Парень с улыбкой покачал головой.
– Как? Никого, из-за кого бы сердечко забилось чаще?
Парень кивнул.
– Да? Хорошо тебе, друг мой. И ей.
Голова парня задвигалась вдоль другой оси.
– Нет? Только не говори, что девчонке ты не нравишься. Ты, конечно, выглядел не слишком шикарно, когда стоял у стены и блевал, но сегодня, в этом костюме и со всем таким…
– Спасибо, – сказал парень. – Но боюсь, мне ее не получить.
– Почему? Ты сказал ей, что любишь?
– Нет. А надо было?
– Все время, несколько раз в день. Думай об этом, как о кислороде, он не перестает быть вкусным. Я люблю тебя, я люблю тебя. Попробуй, и ты поймешь, что я имею в виду.
Какое-то время на заднем сиденье было тихо. Потом послышалось покашливание.
– А как… как можно узнать, что человек тебя любит, Пелле?

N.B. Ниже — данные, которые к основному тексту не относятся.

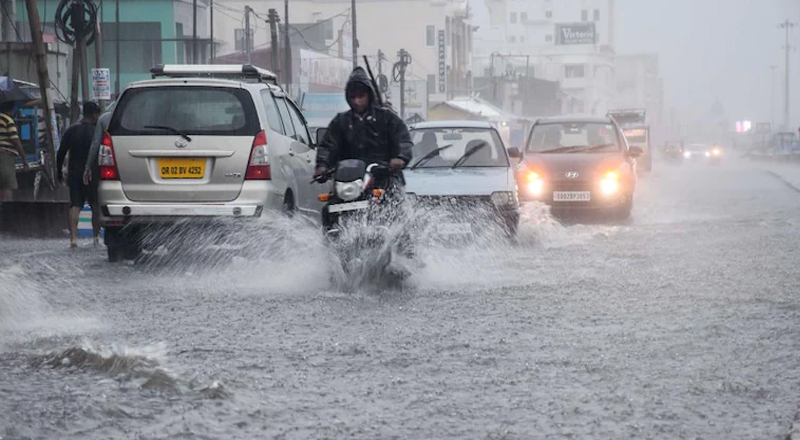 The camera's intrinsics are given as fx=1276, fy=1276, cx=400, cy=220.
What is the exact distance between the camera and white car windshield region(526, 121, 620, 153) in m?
19.9

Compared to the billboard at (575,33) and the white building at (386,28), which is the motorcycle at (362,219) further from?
the billboard at (575,33)

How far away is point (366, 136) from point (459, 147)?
20.4 ft

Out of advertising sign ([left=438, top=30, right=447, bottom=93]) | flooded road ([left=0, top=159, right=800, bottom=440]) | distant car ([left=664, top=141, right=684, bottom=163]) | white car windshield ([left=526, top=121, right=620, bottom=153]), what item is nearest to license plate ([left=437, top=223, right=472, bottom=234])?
flooded road ([left=0, top=159, right=800, bottom=440])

– Ты просто знаешь. Сумма всех мелочей, которые трудно определить. Любовь окутывает тебя, как облако пара, понимаешь ли. Ты не видишь капель, но тебе становится тепло. И влажно. И чисто. – Пелле рассмеялся, смущенный и одновременно гордый своими словами.
– И ты по-прежнему купаешься в ее любви, как в облаке, и каждый день говоришь ей, что любишь?